There wasn’t much to like about the Pittsburgh Penguins, much less love, when Mario Lemieux joined them in 1984. They were a 17-year-old franchise with a history that mirrored that of a 17-year-old kid: growing pains, some Terrible Twos, a period of petulance, followed by maddening apathy. Its parents wondered when it was going to quit being lazy and do something with its life. Once, the team was even given a 3-0 series lead in the playoffs and managed to fritter it away like an allowance.
Then along came Lemieux, and the Penguins were relevant again. They grew up, and married the Stanley Cup in 1991, at the age of 24. Pretty much on schedule. They had a second honeymoon with the Cup a year later.
Lemieux saved the Penguins franchise back then, and he saved it again, nine years ago, when there were whispers that the Pens, having cash flow problems and deep in debt, would relocate. But Mario Lemieux, cancer survivor and Mr. Pittsburgh Hockey, would have none of it. He wasn’t going to allow his franchise to move after already once bringing it back from the brink. So he did what most of us would do, if we had the dough: he bought the team.
Pittsburgh hockey — past, present and future; Lemieux is both of the first two; Crosby is both of the second two
Lemieux, into his first retirement as a player, became owner in the fall of 1999, only after insisting that all the creditors to which the Penguins owed cash, were paid in full. He also vowed that the team would never leave Pittsburgh.
Then he came back a couple years later and played some more, hanging on until halfway thru Sidney Crosby’s rookie season — retiring for good in January 2006. And by that time those Penguins-to-relocate winds had started to blow again. And again Lemieux rode to the rescue.

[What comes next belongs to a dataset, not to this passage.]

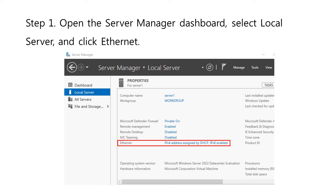Step 1, on the Windows Server 2022 GUI, open the Server Manager Dashboard, select Local Server from the left pane, and on the right pane, click Ethernet.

In 2003, the team was back to its pre-Lemieux ways of losing in bunches, and attendance was plummeting. It was said that the good folks of the midwest, in Kansas City, were ready to welcome the Penguins with open arms — should there be a breakup in Pittsburgh. But Lemieux again ensured that the Penguins would never leave. He acknowledged putting the team up for sale, but only with the proviso that it remain in Pennsylvania. There was no way Mario Lemieux would let his hockey team move to Missouri, to a town that had tried and failed once already as an NHL entity.
Should the Penguins somehow upset the Red Wings in the Finals, Lemieux will have pulled off quite a trifecta: winning the Cup as a player, buying the team, and then winning the Cup as its owner.
Mario Lemieux is why there’s hockey in Pittsburgh. It was true in 1984, and it’s even more so today.